# Truth or old wive's tale: bulls and female (human) hormones



## amysflock (Jul 15, 2009)

Hi, all,

I was supposed to be out picking bracken fern in the pasture today so it was gone before our friend comes over to brush hog...and then it occurred to me that I am ovulating and we have a bull visiting the property. I have heard it's very dangerous for women to be near bulls during certain times of their monthly cycles, and while I'm not sure if it's true or not, I decided not to test it while I'm home alone.

So...anyone know whether this is fact or fiction? Thanks!


----------



## username taken (Jul 15, 2009)

fiction. 

I show cattle so I am in contact with mature bulls very very regularly, and have been at all stages of my cycle, never a problem. 

I did get mounted by a heifer once, but that was because she was in season, not me


----------



## Farmer Kitty (Jul 15, 2009)

We've had bulls at different times throughout the years and I've never had any problems.


----------



## Beekissed (Jul 15, 2009)

I would have to say, in my case, truth.  Had my sister's bull follow me all around the pasture one day with his lip curled up, breathing heavy and bawling.  We were out looking for her pony's halter.  I had to actually fend him off with a stick finally, so I could get through the gate.  There were no other cows in the vicinity at the time.  

He paced back and forth at the fence, bawling and pawing at the ground until I went up to the house.  Then he calmed down and went about his business.  

I decided I had better go on a diet if I was starting to look good to bulls!


----------



## Farmer Kitty (Jul 15, 2009)

Which, brings up a very good point that every woman and every bull is different.


----------



## WildRoseBeef (Jul 15, 2009)

I would think it true because it depends on what the woman is wearing during her periods.  If she's wearing pads, you can be sure the bull might smell something.  Tampons; less likely he won't.

I'm lucky I haven't noticed any bull taking any notice of me when I was ovulating or having my periods.  Guess that's because I haven't been around bulls long enough!


----------



## Beekissed (Jul 16, 2009)

I wasn't on my period, but I had been recently.....er...um....having a little afternoon delight.  Had showered and everything but maybe they can sense when a woman's in heat?


----------



## Farmer Kitty (Jul 16, 2009)

Beekissed said:
			
		

> I wasn't on my period, but I had been recently.....er...um....having a little afternoon delight.  Had showered and everything but maybe they can sense when a woman's in heat?

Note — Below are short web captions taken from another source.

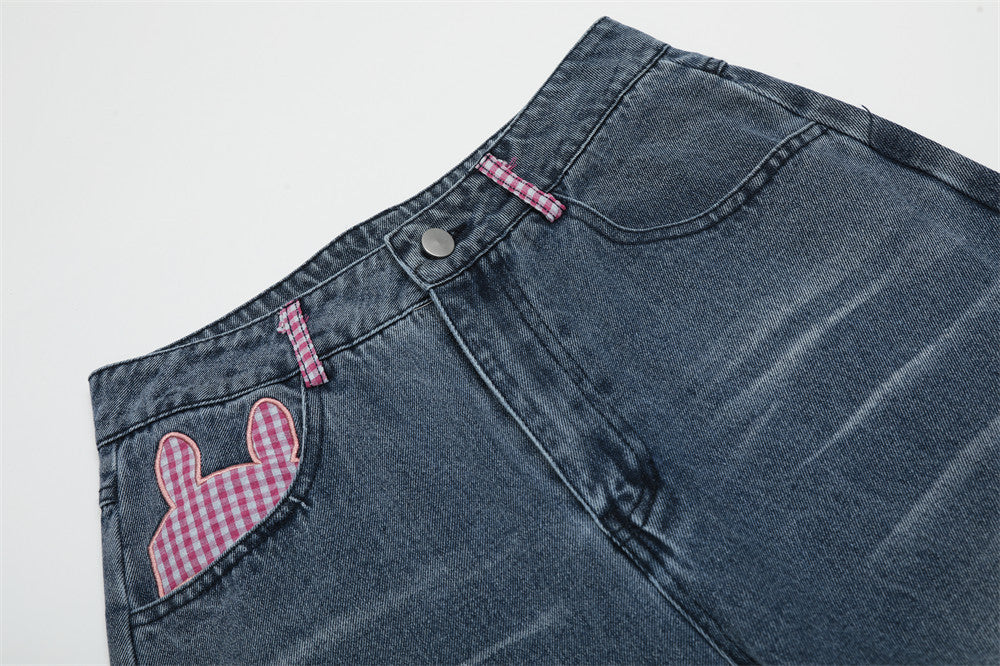 Embroidered Rabbit Casual Jeans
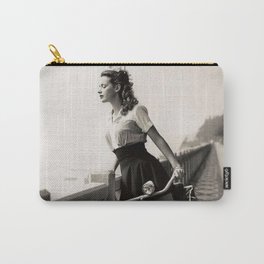 Girl on a Bicycle near palms black and white photograph / art photography Carry-All Pouch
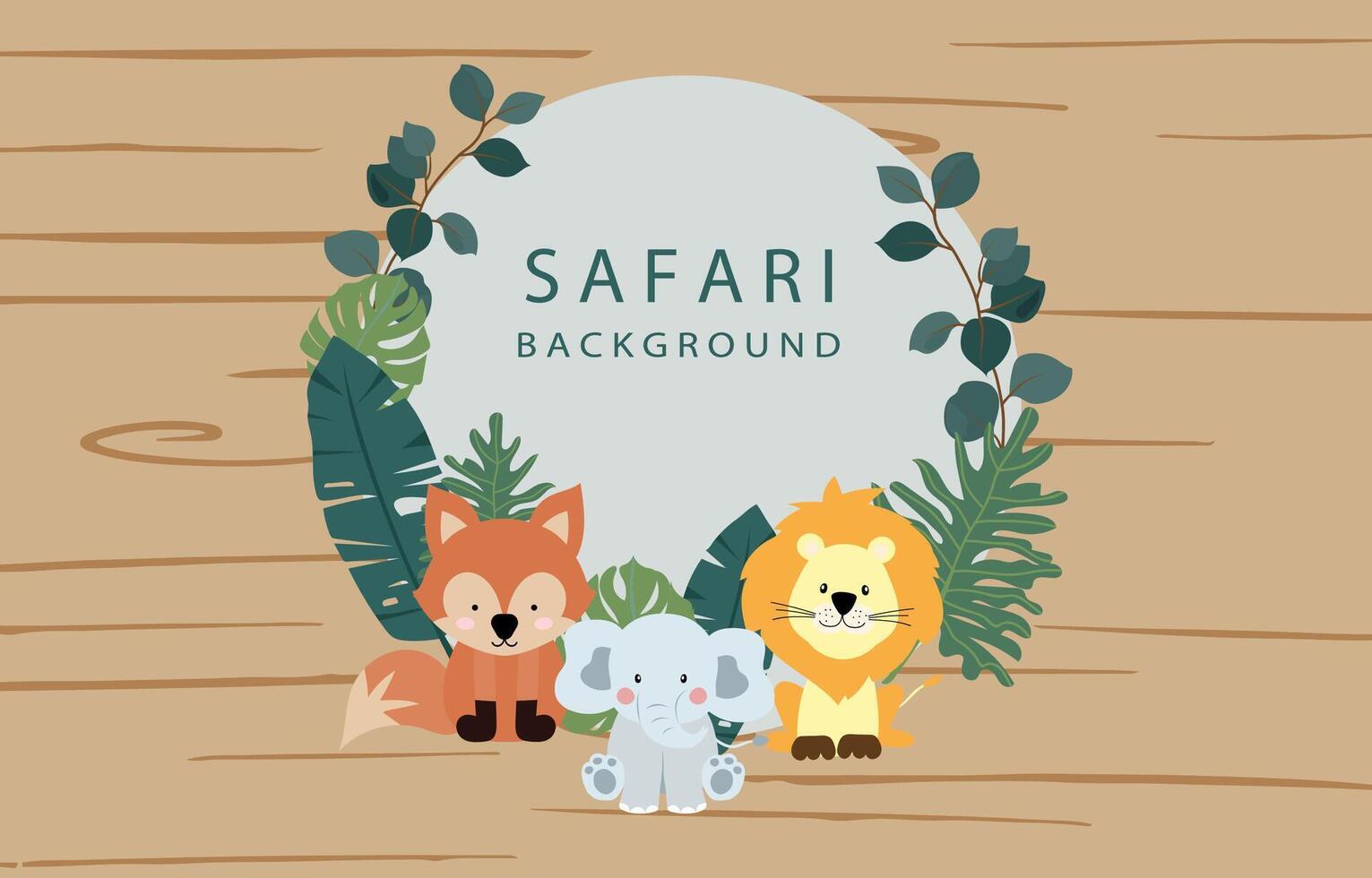safari banner with fox,elephant,lion,fox and leaf frame vector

Well, that's a different story.


----------



## MReit (Jul 16, 2009)

One of my good friends had a bull who would go crazy if he smelled a person..Not good for a family with 5 women in it..I've personally never had a problem, but you never know!


----------



## Thewife (Jul 16, 2009)

I have seen how bulls react to blood!
Whether it's where we butchered a cow, a cow died or even the back of our truck when we get a deer.  
Personally, I just avoid the whole herd!
(it's also a darn good excuse to make the boy check fences for me when I don't want too!)


----------



## WildRoseBeef (Jul 16, 2009)

Thewife said:
			
		

> I have seen how bulls react to blood!
> Whether it's where we butchered a cow, a cow died or even the back of our truck when we get a deer.
> Personally, I just avoid the whole herd!
> (it's also a darn good excuse to make the boy check fences for me when I don't want too!)


Ditto.  It was that one time we had three bulls that had to be cut, and one decided to come in right after the first.  Well he just went nuts, snorting and dancing around in front of the gate he came in desparately trying to find a way out, and when it was his turn he hit the head gate with a bang.  I think he was a bit of a kicker too...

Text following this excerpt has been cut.